Ditreskrimum Polda Bali Panggil 10 Pangempon
Sebelumnya diberitakan Direktorat Reserse Kriminal Umum Polda Bali mengaku telah memanggil 10 (sepuluh) dari 21 orang Pangempon Laba Pura Merajan Satria Denpasar (Puri Satria) berdasarkan Laporan Polisi (LP) nomor: LP/B/120/III/2023/SPKT/POLDA Bali tertanggal 8 Maret 2023, atas dugaan Tindak Pidana (TP) Penipuan dan Keterangan Palsu ke dalam akta autentik sebagaimana dimaksud Pasal 378 KUHP dan 266 KUHP, atas nama Pelapor I Nyoman Suarsana Hardika (67), untuk dimintai klarifikasi.

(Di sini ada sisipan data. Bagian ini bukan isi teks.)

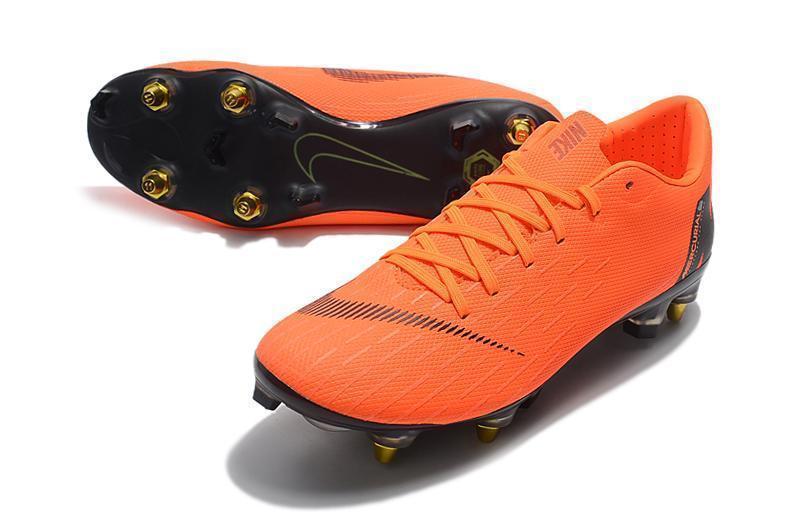 Nike Mercurial Vapor XII PRO SG Orange Black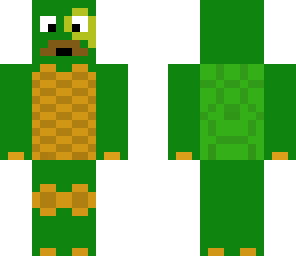 old turtle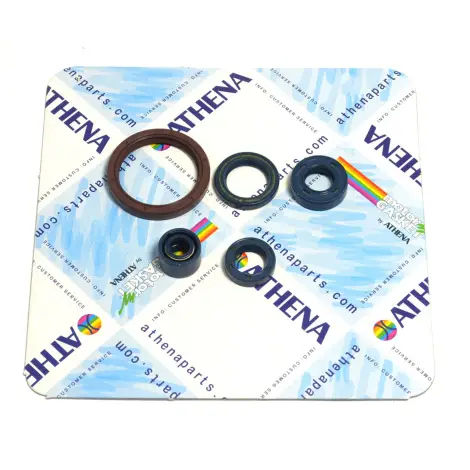 Serie Paraolio Motor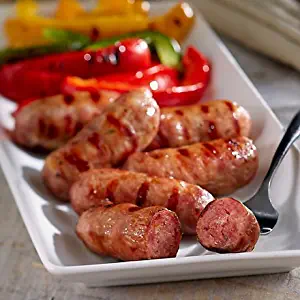 Argentina-Style Choribombon Grilling Sausage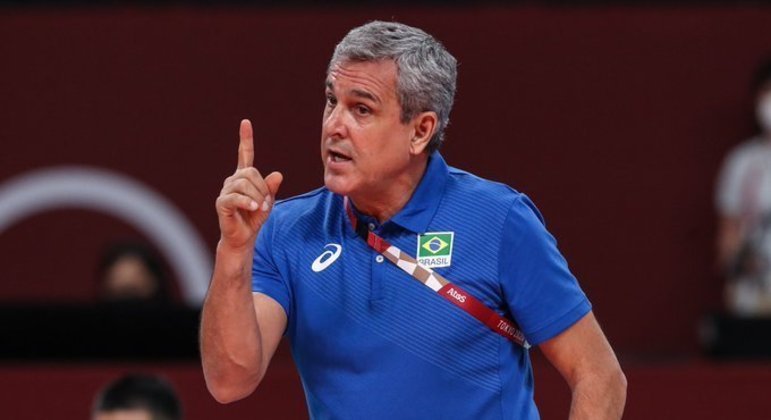 Zé Roberto, não valeram os gritos e nem as broncas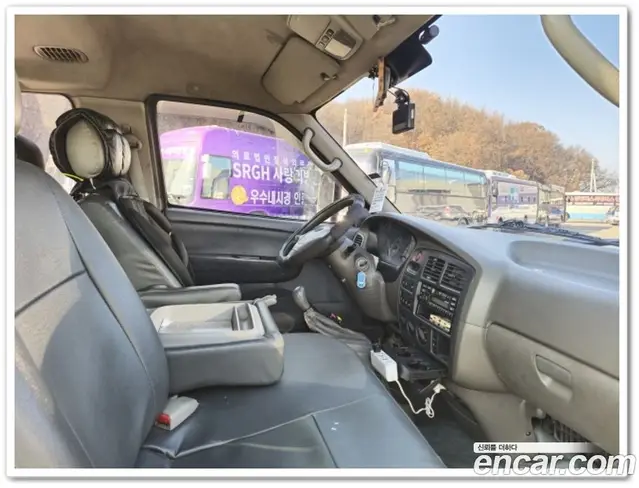 Kia Bongo III Minibus 2004 2.9 МКПП, миниатюра 11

“Kasus itu masih dalam tahap penyelidikan. Sudah dilakukan pemanggilan, sepuluh orang terlapor (Pangempon, red) juga sudah memberikan klarifikasi, dan sekarang para pihak sedang proses restoratif,” terang Kombes Pol. Surawan, Direktur Reserse Kriminal Umum (Dirreskrimum) saat dikonfirmasi langsung oleh awak media, di Ditreskrimum Polda Bali, Denpasar, pada Senin (3/7/23).
Surawan memastikan bahwa penanganan kasus tersebut berjalan sesuai dengan aturan, dan ke depan juga akan berkoordinasi dengan pejabat baru penggantinya sebagai Dirreskrimum Polda Bali, terkait penanganan kasus tersebut sebelum dirinya Serah Terima Jabatan (Sertijab), dipromosikan sebagai Dirreskrimum Polda Jawa Barat (Jabar).
“Kita koordinasikan, ok. Rekan-rekan (awak media, red) nanti bisa komunikasi dengan Dir yang baru (Kombes Pol. Yanri Paran Simarmata, red),” tutup Dirreskrimum Surawan.